## Instructions to follow
From the material below, retype exactly the lines that begin at the line with "Beispielinhalt (Bild) Weihnachten" and end after the line with "Kids One Short | Light Blue"; pictures stay out of the copy.
** Dataset content follows **
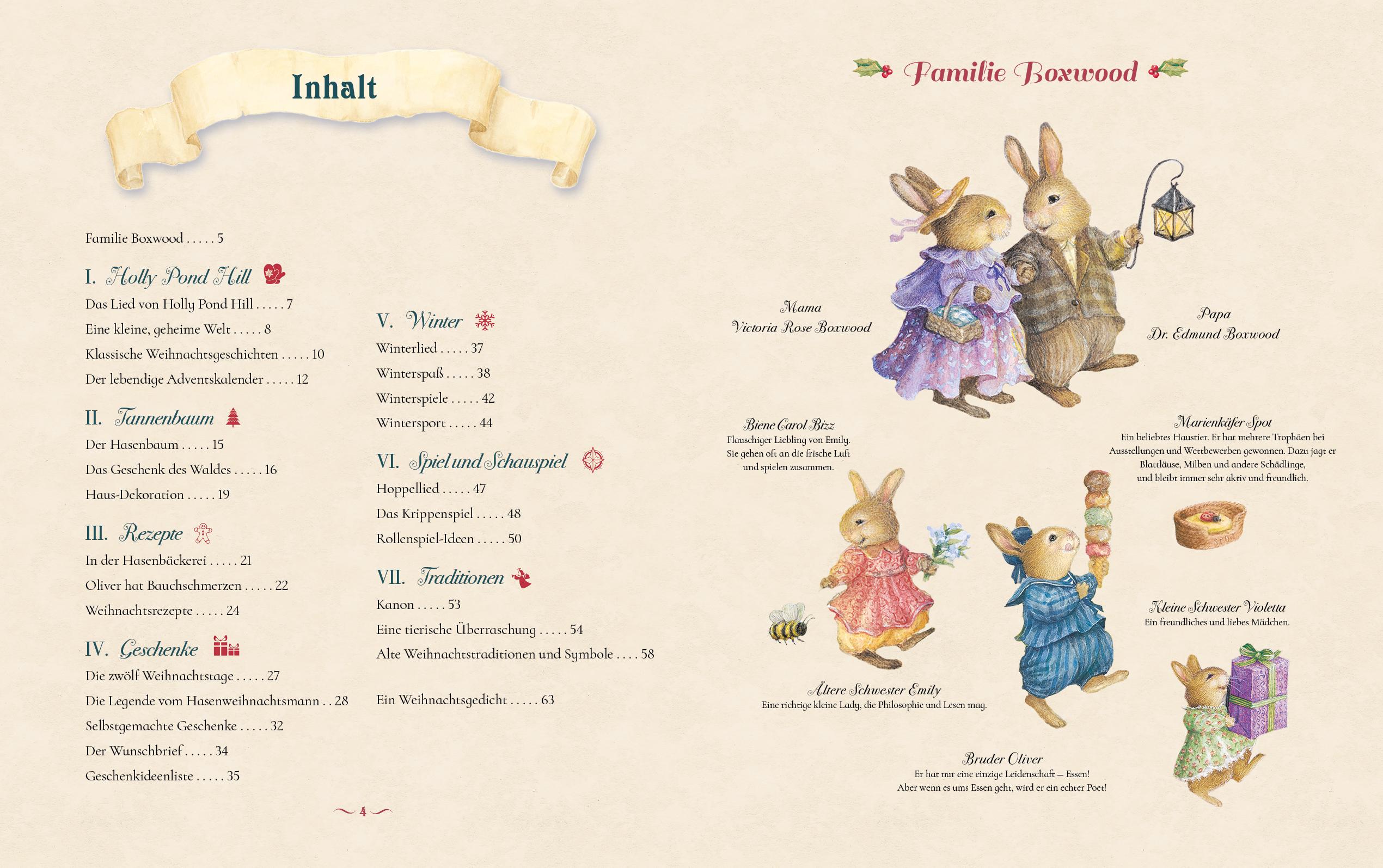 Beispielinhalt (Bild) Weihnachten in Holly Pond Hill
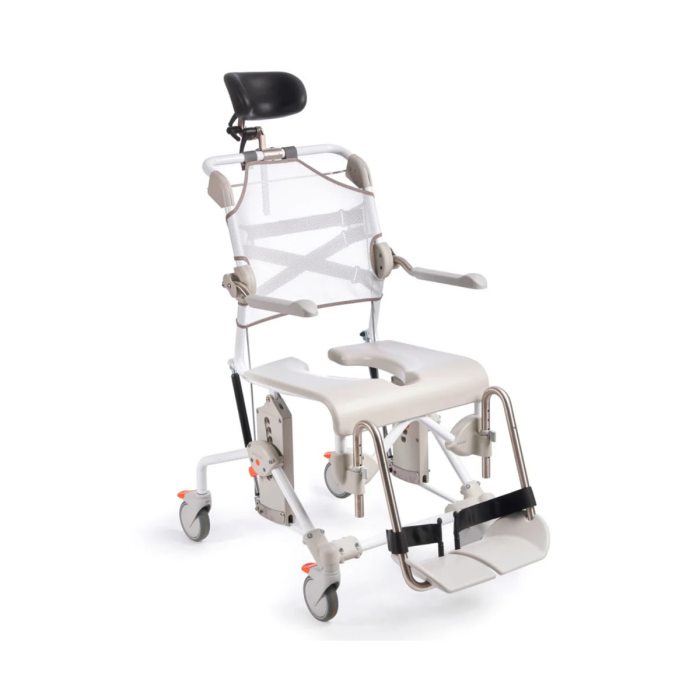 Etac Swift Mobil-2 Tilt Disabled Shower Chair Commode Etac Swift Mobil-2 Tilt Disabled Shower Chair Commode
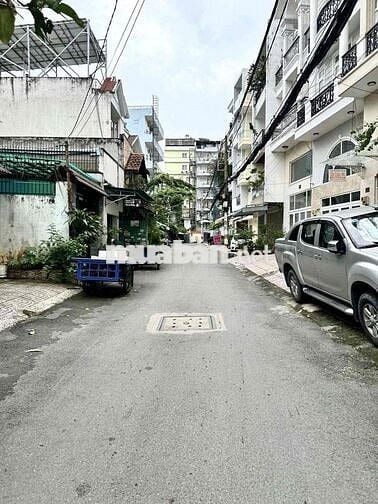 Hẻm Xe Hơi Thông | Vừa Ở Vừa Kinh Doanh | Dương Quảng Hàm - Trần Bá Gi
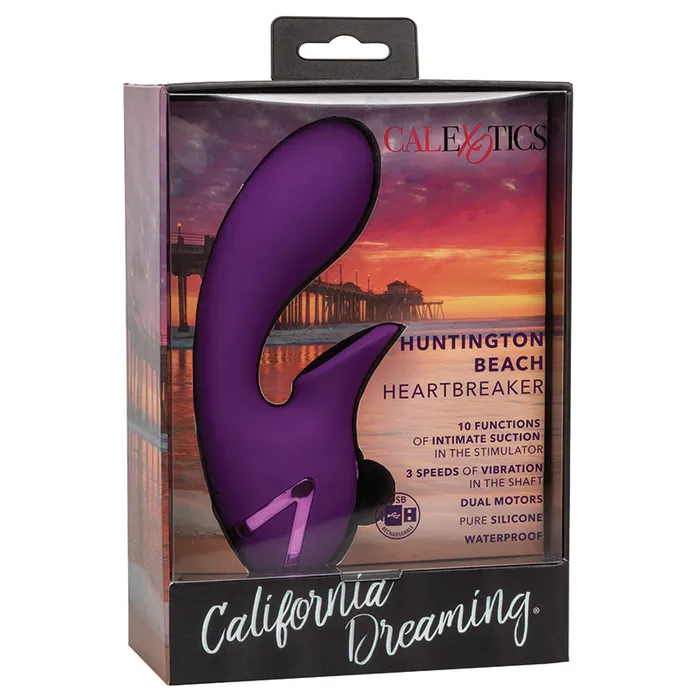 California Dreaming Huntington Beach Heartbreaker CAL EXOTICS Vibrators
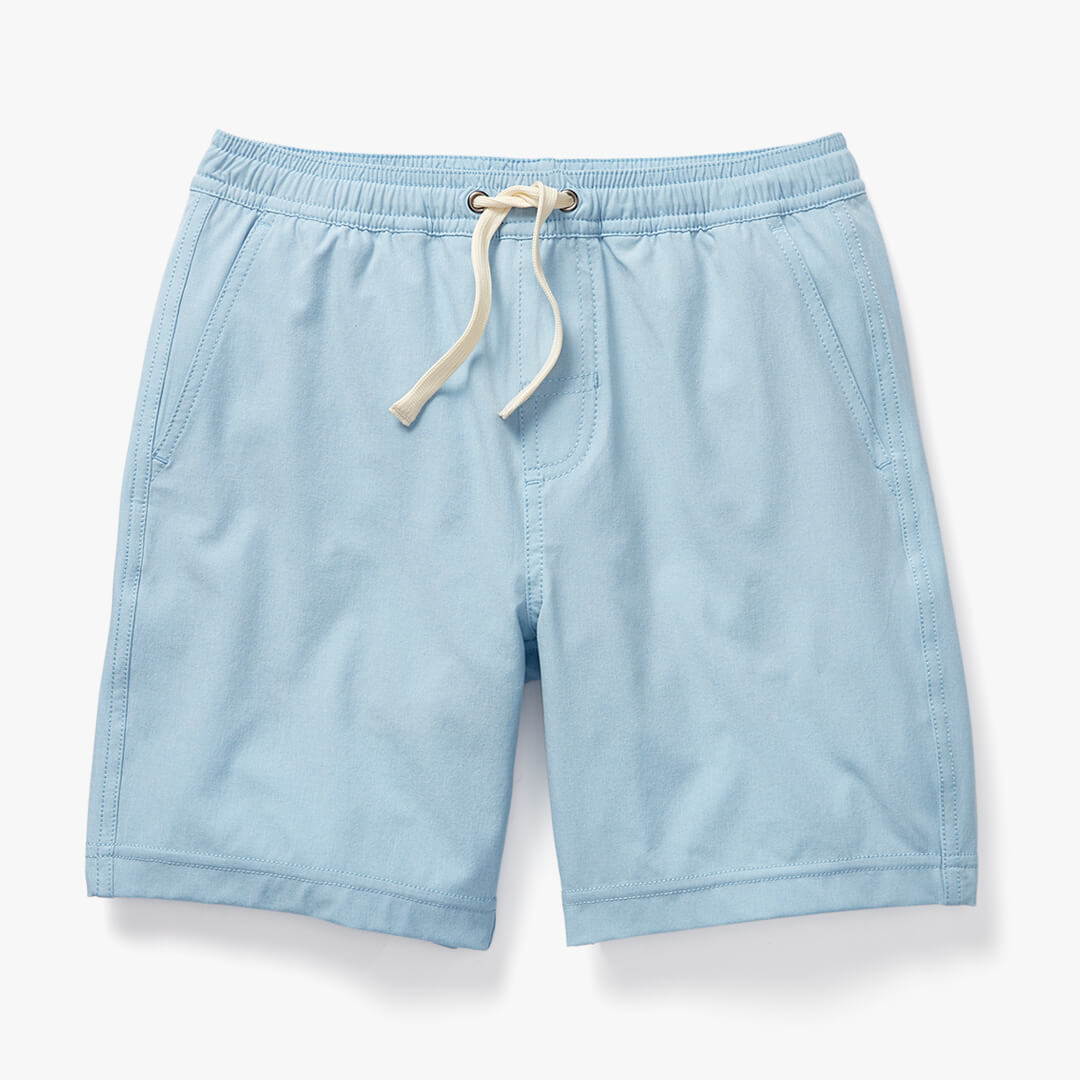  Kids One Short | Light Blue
** End of Dataset content **
** Dataset content follows **
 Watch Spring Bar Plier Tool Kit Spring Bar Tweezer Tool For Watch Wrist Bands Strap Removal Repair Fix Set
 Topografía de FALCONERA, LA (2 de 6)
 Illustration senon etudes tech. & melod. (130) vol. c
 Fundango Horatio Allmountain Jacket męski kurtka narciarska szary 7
** End of Dataset content **
## Completed exercise
 Beispielinhalt (Bild) Weihnachten in Holly Pond Hill
 Etac Swift Mobil-2 Tilt Disabled Shower Chair Commode Etac Swift Mobil-2 Tilt Disabled Shower Chair Commode
 Hẻm Xe Hơi Thông | Vừa Ở Vừa Kinh Doanh | Dương Quảng Hàm - Trần Bá Gi
 California Dreaming Huntington Beach Heartbreaker CAL EXOTICS Vibrators
  Kids One Short | Light Blue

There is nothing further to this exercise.